_WORK REQUEST_:
Pictures in the data should be dropped; transcribe exactly the lines from the one that has "A smartphone is" through the one that has "Children playing with".

_PROVIDED MATERIAL_:
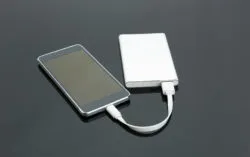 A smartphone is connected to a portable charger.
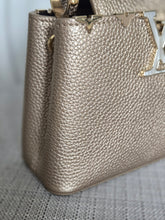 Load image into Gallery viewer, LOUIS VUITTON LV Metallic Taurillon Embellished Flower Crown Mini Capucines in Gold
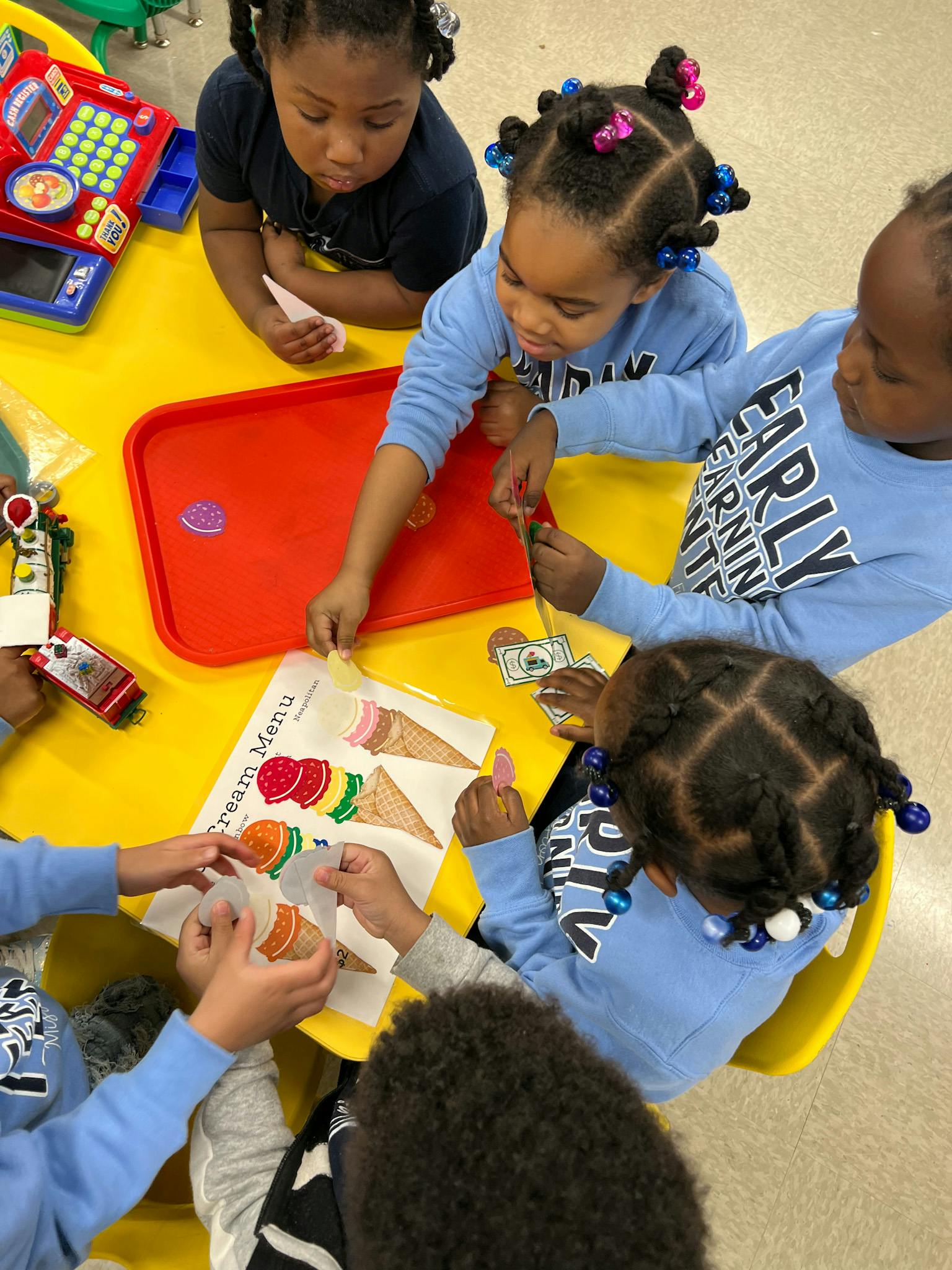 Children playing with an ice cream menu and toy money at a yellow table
...
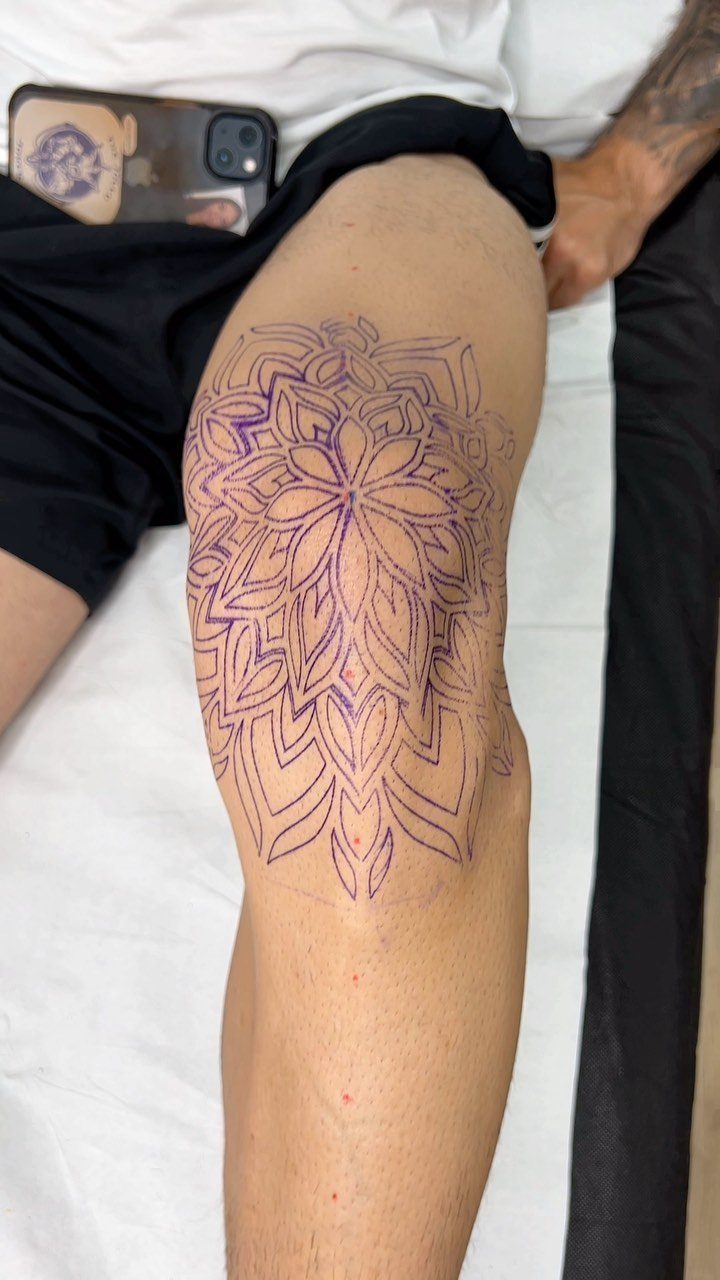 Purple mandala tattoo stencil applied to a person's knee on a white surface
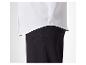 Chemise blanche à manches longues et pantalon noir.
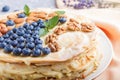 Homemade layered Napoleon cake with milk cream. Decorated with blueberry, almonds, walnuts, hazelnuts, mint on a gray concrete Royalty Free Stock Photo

_TASK ANSWER_:
 A smartphone is connected to a portable charger.
 Load image into Gallery viewer, LOUIS VUITTON LV Metallic Taurillon Embellished Flower Crown Mini Capucines in Gold
 Children playing with an ice cream menu and toy money at a yellow table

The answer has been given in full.